Il processo innescatosi tra musica e tecnologia, a partire dagli anni Cinquanta del Novecento, è pressoché simbiotico. Dal supporto ai sistemi di registrazione, diffusione e fruizione di suoni e musica; alla creazione di strumenti dalle potenzialità inimmaginabili; ad una vera e propria rivoluzione del gusto e dell’estetica musicali. Ciò che spesso si dimentica è il fatto che la musica elettronica sia nata come ricerca di nuove forme ed espressioni musicali.
Tiscali News ha chiesto a Patrizia Mattioli, da oltre un trentennio ricercatrice nel settore della ricerca sonora, di rivelare alcuni segreti del mestiere di performer, compositrice, e quali siano le prospettive per un ambito culturale così di nicchia.
Patrizia, Lei ha un diploma in clarinetto presso il Conservatorio Arrigo Boito di Parma. Dopo alcuni anni di collaborazioni artistiche in ruoli di clarinettista e tastierista presso gruppi di avanguardia musicale, nel 1989 inizia a sperimentare ricerca sonora con Lenz Rifrazioni Lenz Teatro e vince nel 2000 il concorso a Parigi di composizione elettroacustica all’Ircam (Institut de Recherche et Coordination Acoustique/Musique). Formazione musicale accademica e passione per la tecnologia: quale il peso di entrambe le conoscenze nel percorso personale e artistico compiuto in seguito?
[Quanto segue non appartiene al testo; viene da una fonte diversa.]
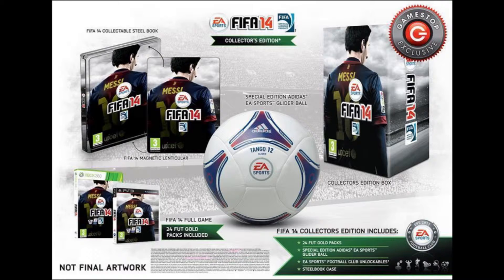And you get that glider ball, which is good I guess if you want to use it — which no one probably will unless you really like EA and their soccer ball with Adidas. Not too sure if it's an amazing ball because I don't really play soccer, but it's probably not seeing as it comes with a video game.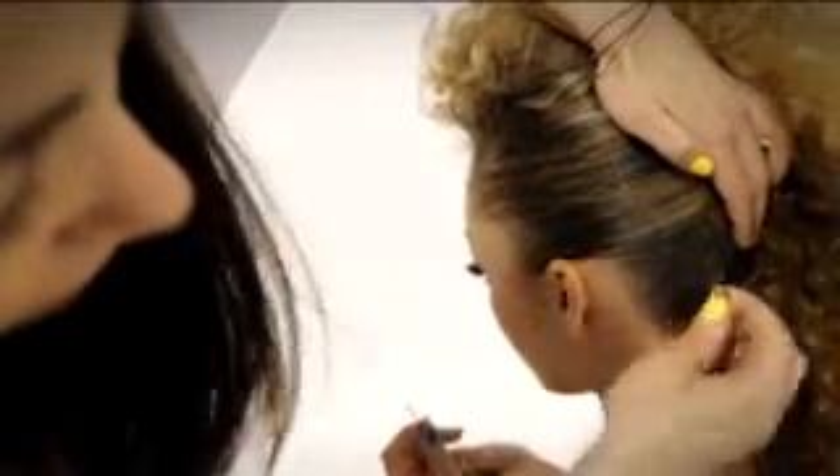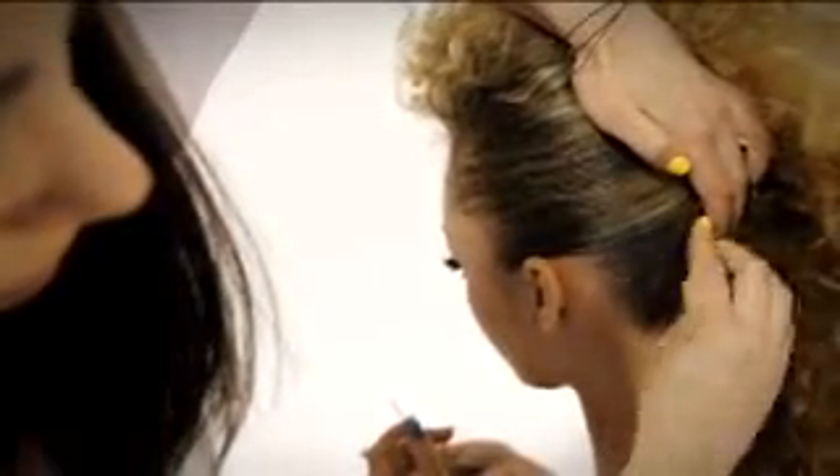Step three: use grips to secure the sides of the hair, crossing the grip ends over as you go for maximum hold.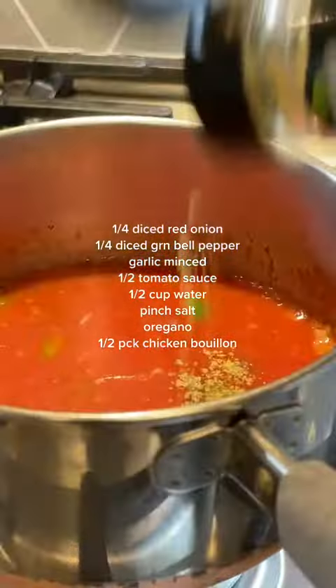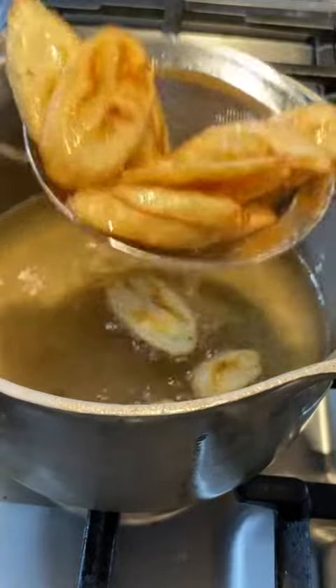Let that simmer for 30 minutes. Now I'm assuming you just have lard in your fridge, like me, and a not-so-ripe banana on your counter. Combine the things, and you'll have your tajadas, beautifully golden brown.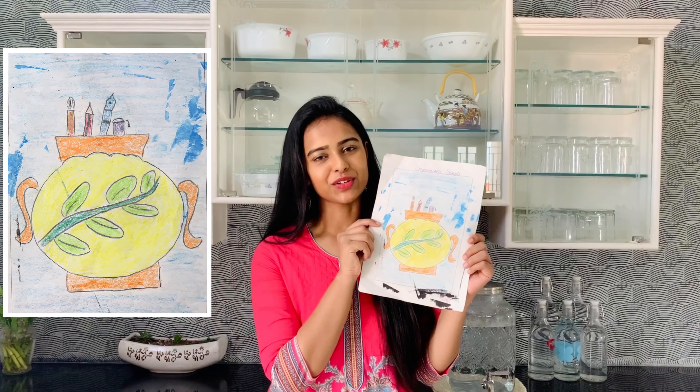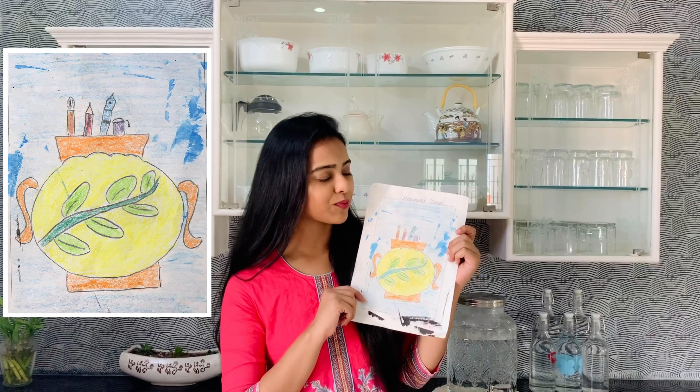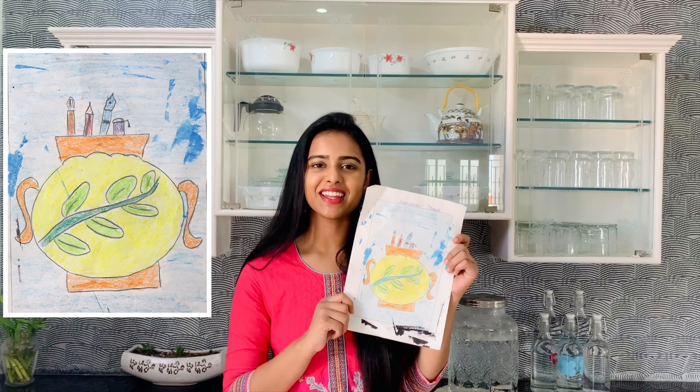You can see that there is a stationary stand. This is a stationary stand with four pens or pencils. I'm going to create a dish for a while.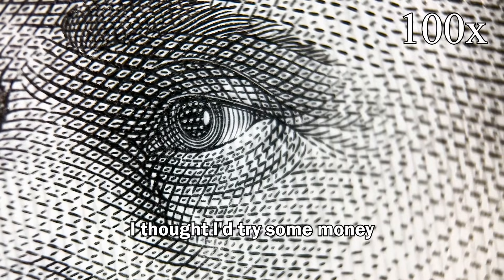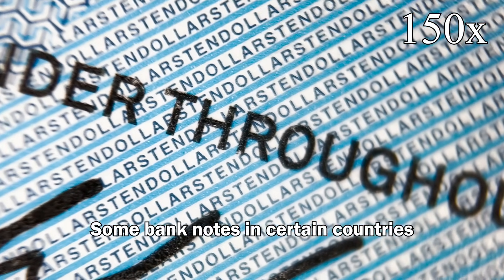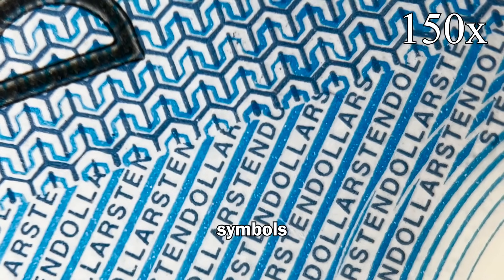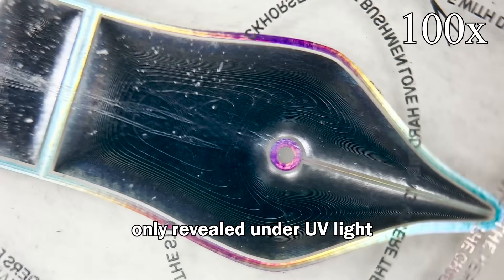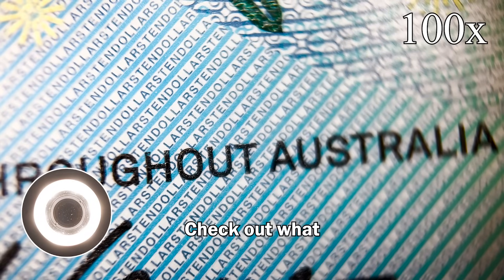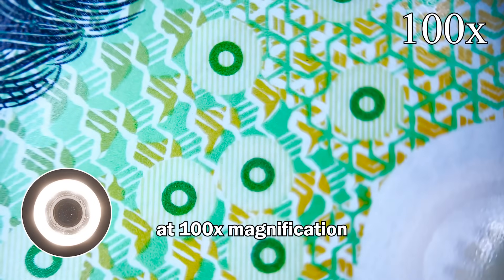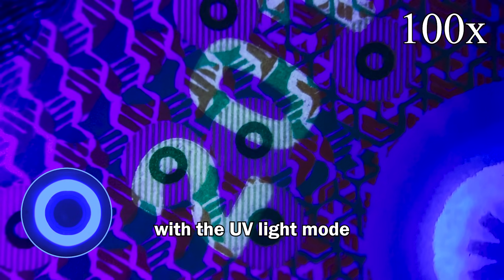Next up, I thought I'd try some money. Some banknotes in certain countries have microscopic letters and writing, and some have secret symbols only revealed under UV light. Check out what the Phone Micro 5 by Apexel reveals at 100x magnification with the UV light mode.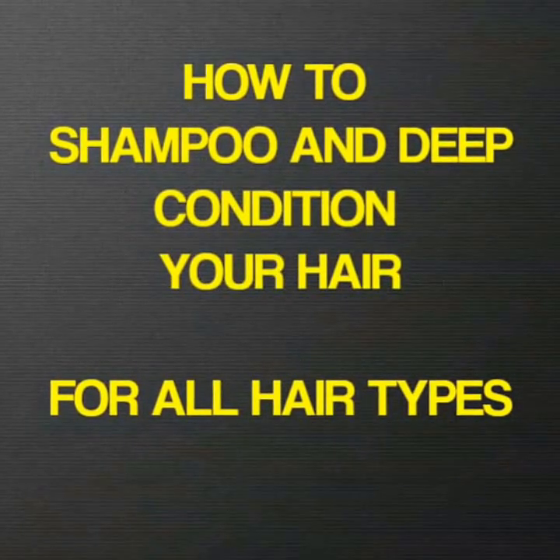Today's video is how to shampoo and deep condition your hair. It's going to go a little fast so try to keep up.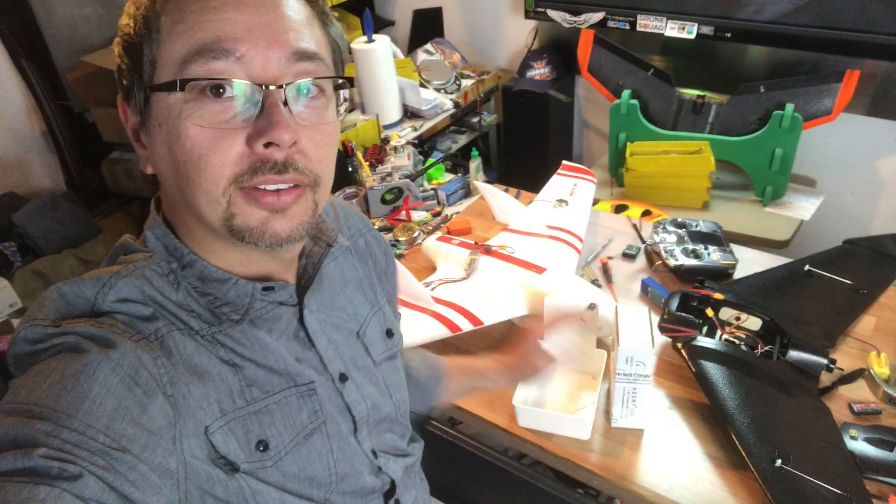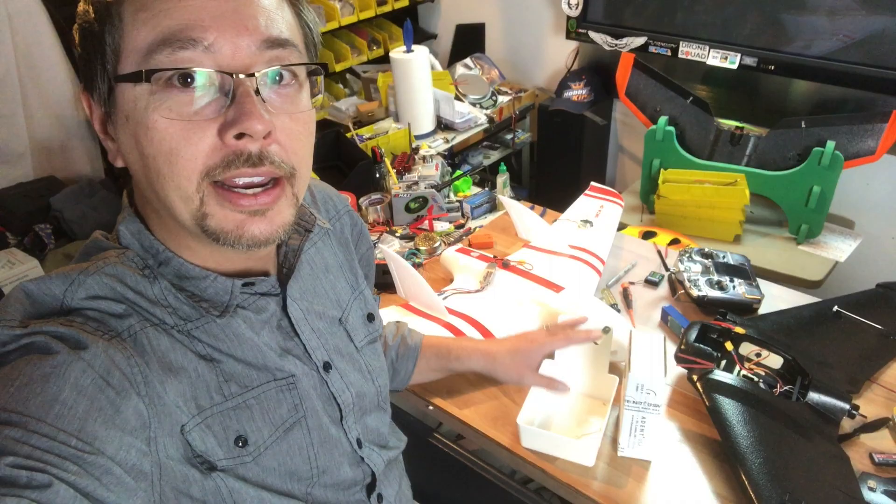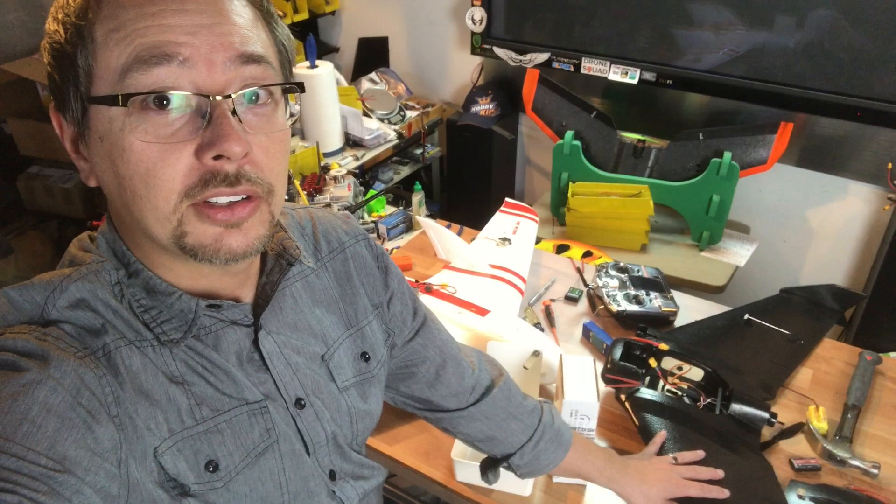Okay guys, so this is the HD Wing here and this is the AR Wing, both made by Sonic Model. This is EPP and this is EPO. There are two very different models but I'm wondering how they'll fly. Now I have this one severely underpowered — it has a 980 kV motor and it probably needs about a 2200 kV motor. This one came fully built from RC Moment and I'll put a link in the description below. The receivers are put in this one — so easy to put together, literally 5 minutes, then you just install your receiver.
“Quando si parla di musica elettronica, tendenzialmente si fa riferimento a quella musica composta, prodotta e diffusa grazie a sistemi di generazione e riproduzione del suono di tipo elettronico analogico o informatico digitale, a seconda delle tendenze nei decenni”.
“Non è solo la tecnologia alla base dell’universo musicale in questione a qualificarlo come tale però. Nella storia di questo complesso mondo vi sono state parecchie macro e micro-definizioni, per lo più di natura estetica, ugualmente assegnabili al calderone musica elettronica: per quanto riguarda la musica su supporto si è parlato di musica concreta, musica acusmatica, computer music, musica aneddotica (o acusmatica-aneddotica); sono stati coniati anche termini che indicano tipologie differenti di musica elettronica maggiormente legate all’interattività, ad esempio il live electronics e la definizione di installazione sonora o di sonorizzazione, il tutto spesso incluso nell’insieme della musica elettroacustica”.
"Il percorso compositivo all’interno della compagnia è durato 8 anni, la sperimentazione timbrica si è evoluta passando dalla strumentazione classica fino all’analogico, synth campionatori, registrazioni, concept sound di paesaggi sonori per installazioni con artisti visivi, poesia sonora, drone music".
“La mia ricerca verso il digitale ha attraversato le urban cities, ascolti di soundscapes urbani, jukebox digitali, overtones immaginari. Non riuscivo a rimanere nel sistema tonale classico. La rivoluzione della musica assistita come la chiamerebbero a Parigi dove ho studiato informatica musicale, mi ha spinto sempre più ad avere stimoli “sonici” differenti. La musica per me è arte, scienza, una forza emozionale, politica, che deve vibrare e risuonare nel corpo. Il suono è in continuo mutamento, si sposta, oscilla, non è mai lo stesso. La tecnologia mi permette di esplorare tutto questo”.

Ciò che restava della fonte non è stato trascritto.